I loved Ulvay’s statement at the end of his account of June 27: “We now look back to it with pleasure and feel no shame in transmitting its record for generations to come. Not less than six thousand patrons took part. The day was rounded up with a sense of duty performed, and an increased fervor of patriotism. It was worth all, and more, than it cost.” (p.29)

What hard work it was, and what pleasure they took in it. If only all gala events could be so successful.

In one part of the record, a history professor recounted the Battle of Princeton. Some have doubted the story of the British bullet decapitating a portrait of King George in Nassau Hall. But this account relays that story as gospel – so as far as I’m concerned, it’s true. Here’s a particularly poignant excerpt.
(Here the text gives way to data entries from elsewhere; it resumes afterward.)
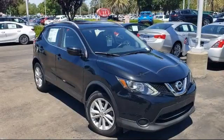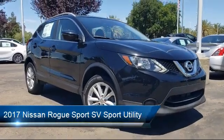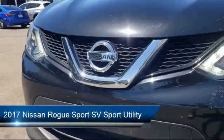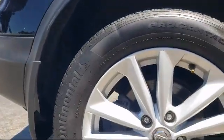Welcome to Elk Grove Kia, and here's a look at another great vehicle from our inventory. It comes equipped with keyless entry, roof rack, Sirius XM satellite radio, rear spoiler, air conditioning, and alloy wheels.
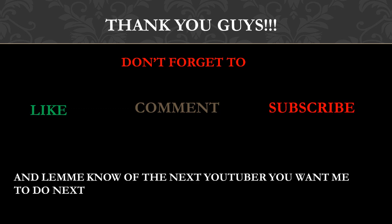Thank you guys — don't forget to like, comment, and subscribe, and let me know in the comments which channel you want me to cover next.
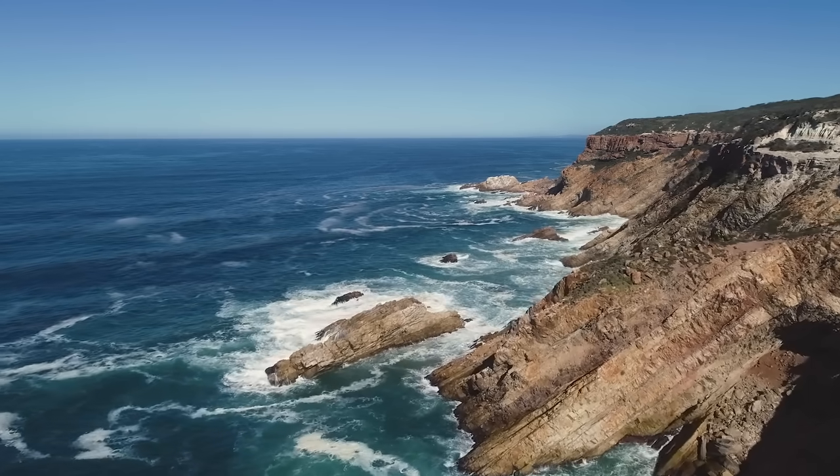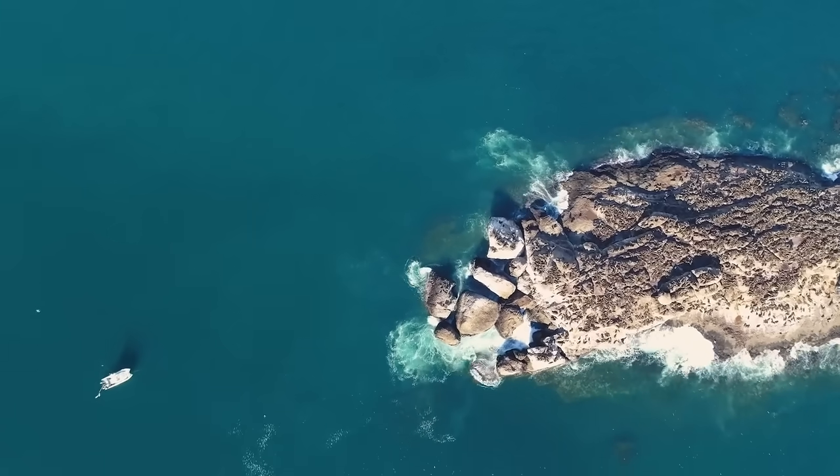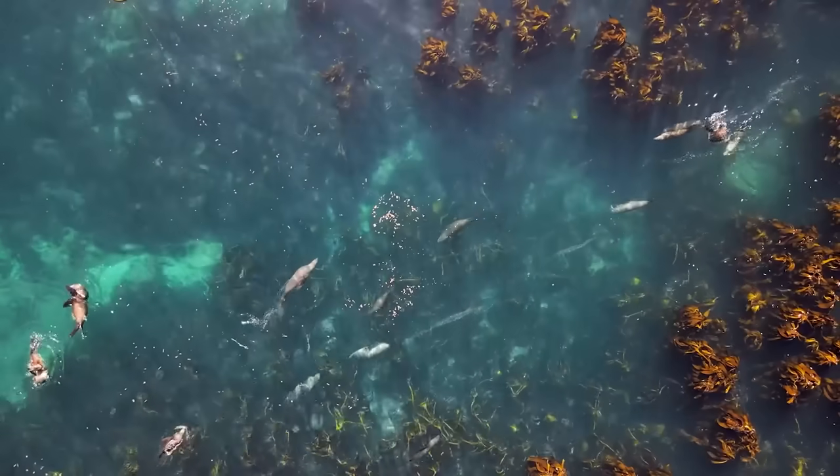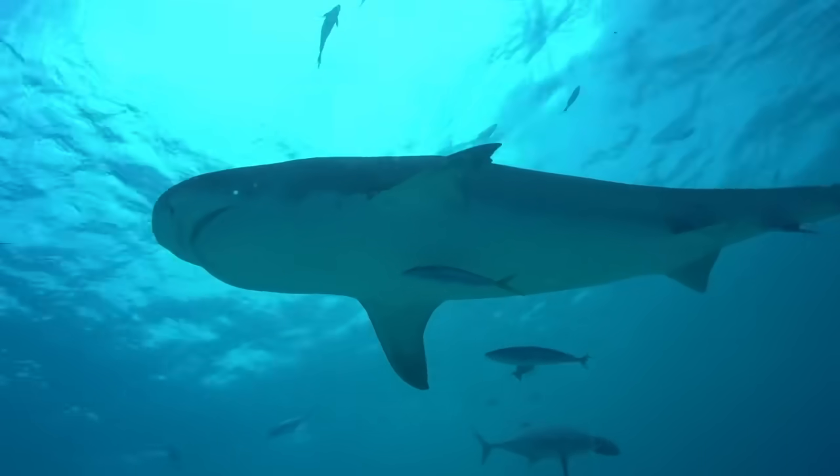We've been doing a lot of testing in Mossel Bay in South Africa, which is where they have quite a high concentration of white sharks. There's an island there called Seal Island, so the sharks are there to hunt the seals, and it's a great place to do this kind of testing.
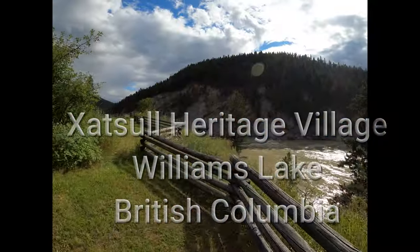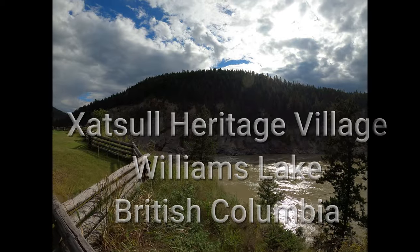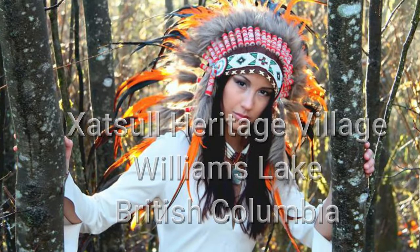Hi guys, this is Philip again. I'm going to show you Hatsul Heritage Valley. It's all about First Nations lifestyle.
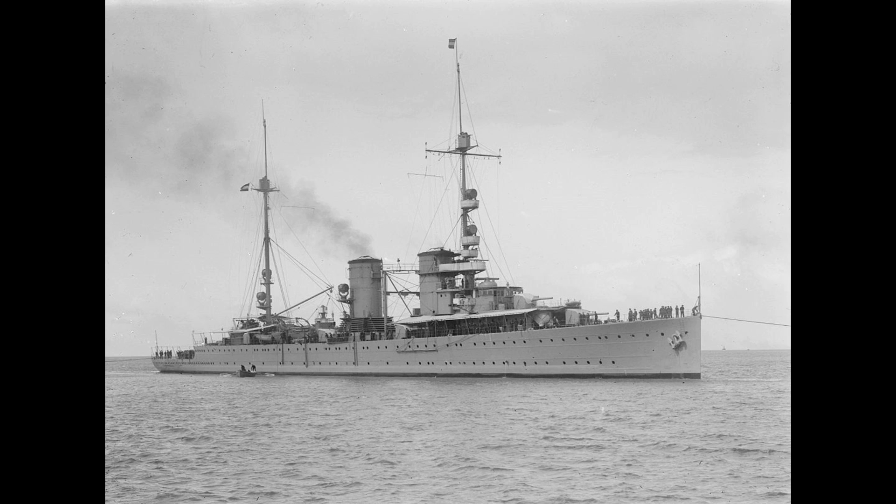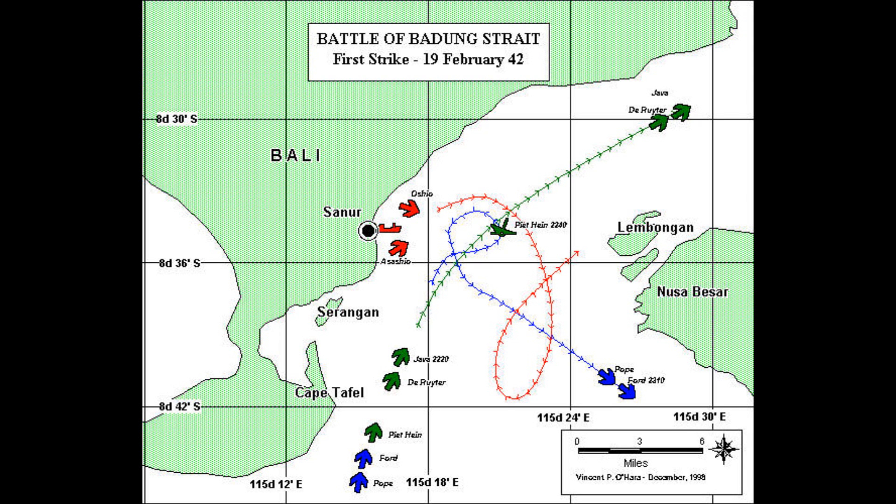Her first major battle was the Battle of Badung Strait, where the Java, De Ruyter, and the even lighter Dutch cruiser Tromp, along with a number of American and one Dutch destroyer, attempted to stop the Japanese invasion of Sumatra. Unfortunately the opposing Japanese destroyers used a torpedo to sink the Dutch destroyer and forced the American destroyers to withdraw with their gunfire. The Tromp was then hit repeatedly by destroyer gunfire and forced to withdraw with heavy damage. In exchange, the Japanese suffered only minor damage to their destroyer force.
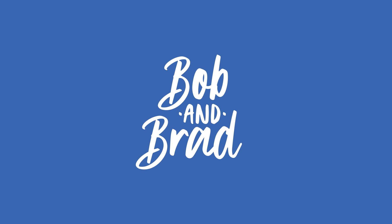All right, thanks Alex. Can I get back to the job I signed up for, Bob? Thank you very much.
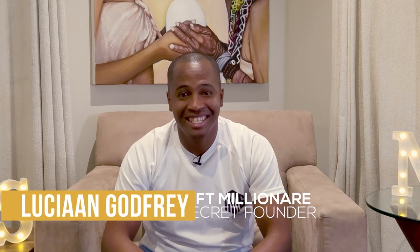Hi fam, Lucian Godfrey here. The NMS token is finally live and you may be asking yourself, now what's next? So let's first focus on the utilities.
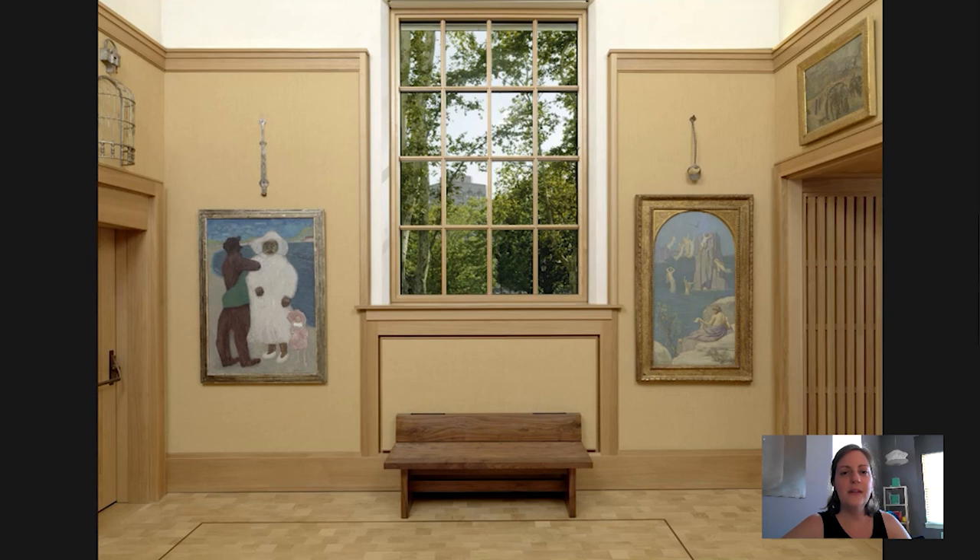Hi everyone, welcome to another edition of Barnes Takeout. My name is Kaylin Jewell, senior instructor in adult education at the Barnes Foundation, and today I wanted to spend some time talking about a painting that is on display in gallery number three, which we can see on the screen in front of us.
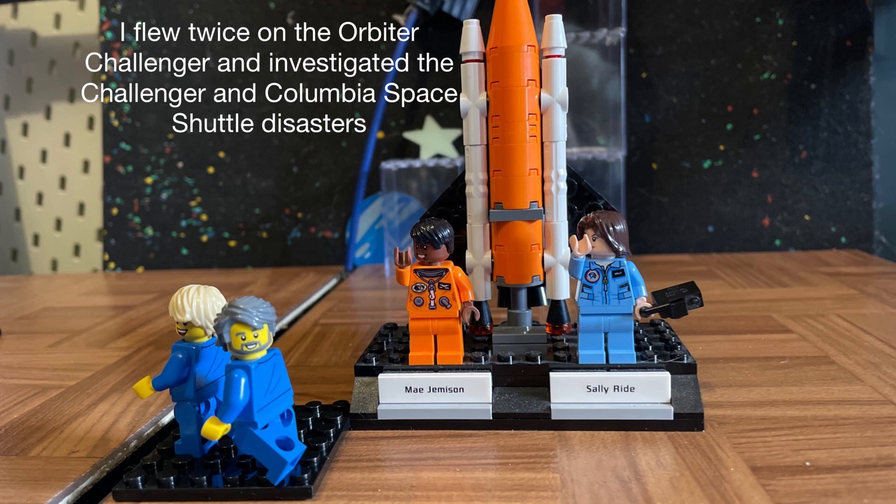I flew twice on the Orbiter Challenger and investigated the Challenger and Columbia Space Shuttle disasters.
“Washington reckless of danger, exposed himself to the fire of both parties. Colonel Fitzgerald, his aide, expected his fall and drew his hat over his eyes so that he might not witness it.” (p. 34, an account of the Battle of Princeton delivered on January 3, 1877).

Immigration was just as hot a topic then as it is today. The orator of the day, a Reverend Duryea, challenged his listeners, comparing them unfavorably to their ancestors, saying that they were “hasting to be rich” and that they hire immigrants to do the real work so they can “live in brownstone houses, sip wine until midnight, and wake in the morning too beastly for citizenship.”

Only the ethnicities have changed.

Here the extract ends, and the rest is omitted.